• _Work instructions_: Output only the lines that run from the line holding "Griswold's Family Tree" to the end of the data below, including both ends, without any pictures.

• _Collected material_:

______________________________

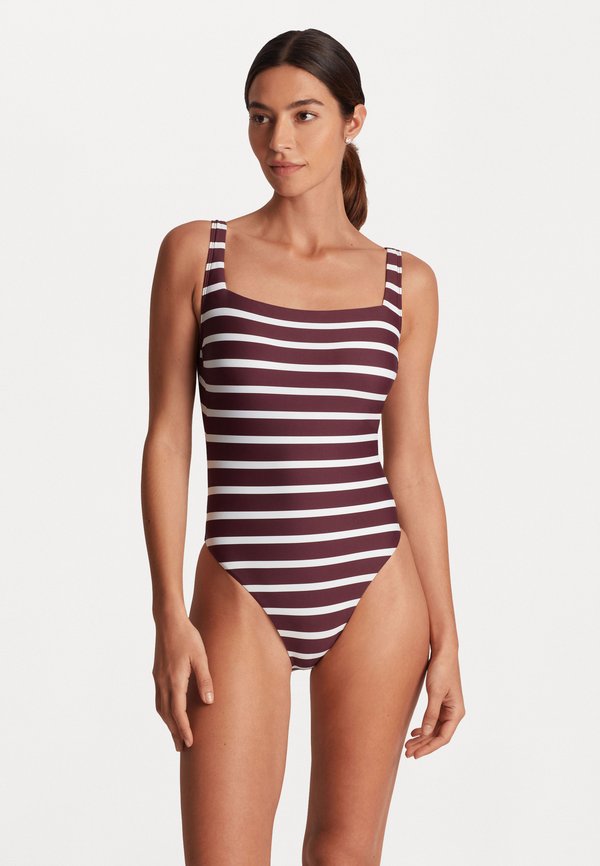 LOW BACK SQUARE NECK 1PC - Swimsuit - claret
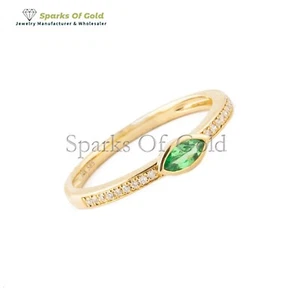 Solid 14k Yellow Gold Emerald Diamond Eternity Band Ring Anniversary Jewelry - Picture 1 of 3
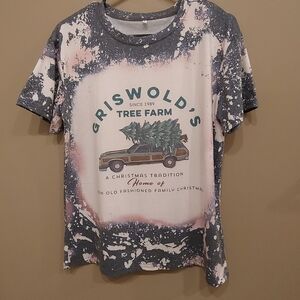 Griswold's Family Tree Farm Graphic Tee - Black and Pink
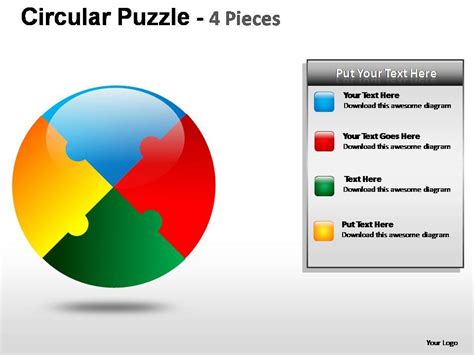 Circular Puzzle 4 Pieces Powerpoint Presentation Slides | PowerPoint ...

______________________________

• _Answer space_:
 Griswold's Family Tree Farm Graphic Tee - Black and Pink
 Circular Puzzle 4 Pieces Powerpoint Presentation Slides | PowerPoint ...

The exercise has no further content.